Under siege for almost five years, the rebel enclave of Eastern Ghouta, in Syria’s Damascus governorate, faces liquidation by the regime of Bashar Assad.
The regime, aided by Russian planes, began a campaign in February to conquer Eastern Ghouta. Within days, hundreds of civilians were killed in air attacks.
The United Nations attempted to institute a ceasefire at the end of February, which would have halted fighting for 30 days. The measure failed before it began and the violence continued.
As the regime’s campaign intensified, stories of brutality increased. Activists documented the aftermath of air strikes on markets and hospitals with photographs and video footage attesting to the devastation.
After the air campaign was deemed effective, the regime moved in ground forces. Regime fighters drove back the insurgent groups in Eastern Ghouta.
With the weight of regime and Russian forces pressing down on the besieged area, it appears things can only go one way.
The world has seen this sequence of events before.
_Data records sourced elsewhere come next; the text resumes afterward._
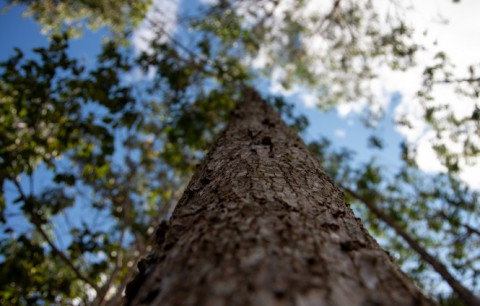 To date, Mary Kay and the Arbor Day Foundation have planted 1.3 million trees through its partnershi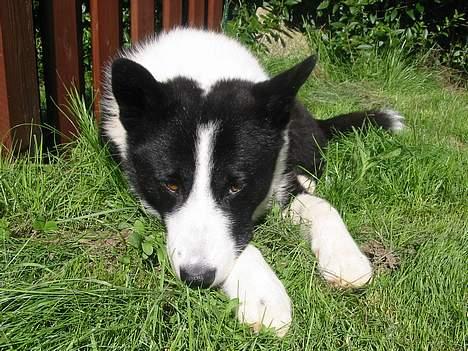 Karelsk bjørnehund Dina - Slapper af på græsset.. billede 2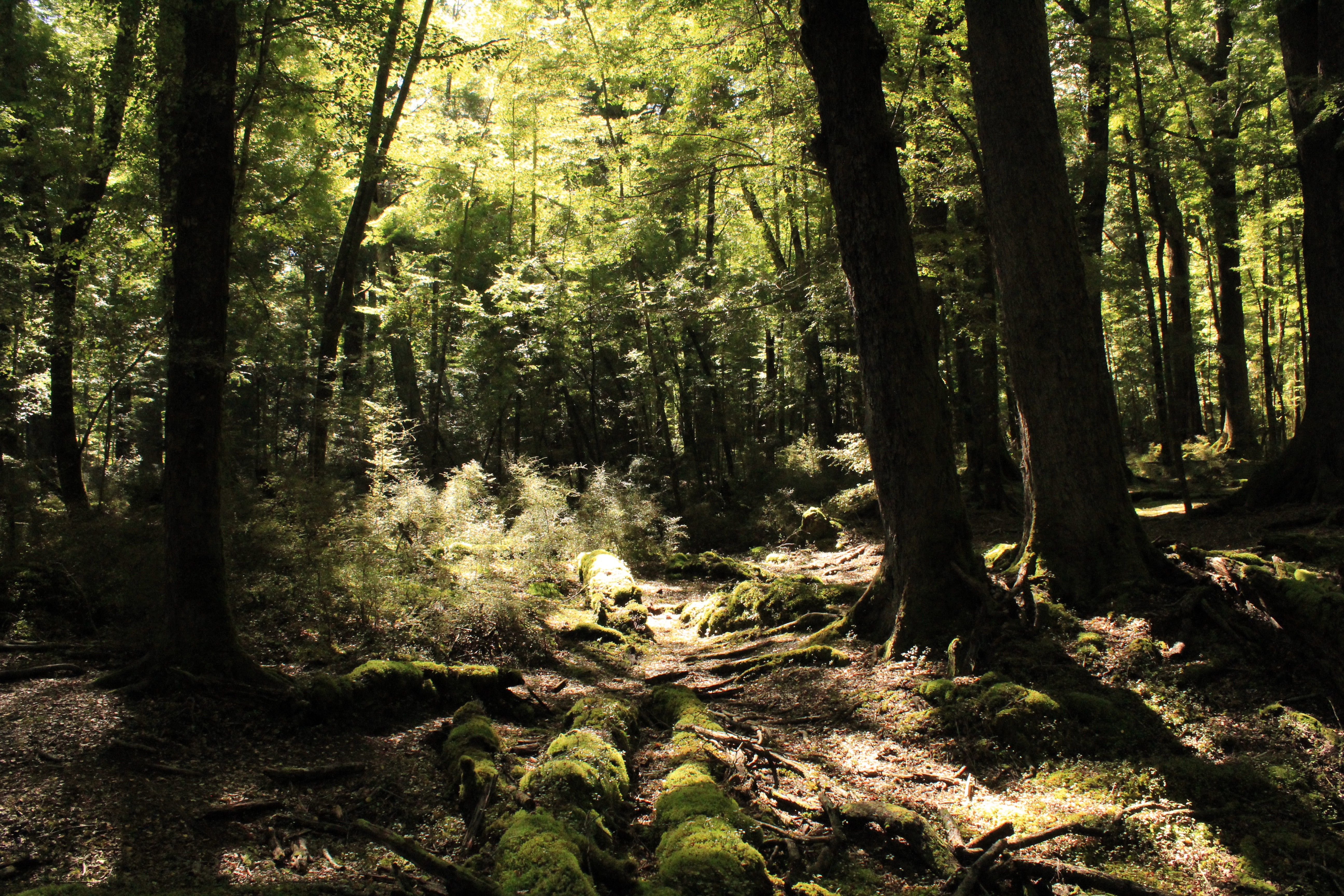 Stephen Schmidt, Astrophysicist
Across Syria, urban centres have been attacked with airpower and superior weaponry before being overrun by regime and allied forces.
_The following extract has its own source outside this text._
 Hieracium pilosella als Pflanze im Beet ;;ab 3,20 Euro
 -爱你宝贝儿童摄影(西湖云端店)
In Homs, in Aleppo and now Eastern Ghouta, the toll these liquidations take on civilians is immense. Thousands are killed in the bombing and the ground campaigns. There are reports of regime forces staging mass summary executions of men of fighting age. Women fear rape from regime forces and its shabiha militias, which has become an established tactic as well as a weapon of war consciously employed.
Facing these odds, it is unsurprising that many civilians choose to flee. The assault on Eastern Ghouta created an exodus of people desperately attempting to escape the enclave before it is crushed.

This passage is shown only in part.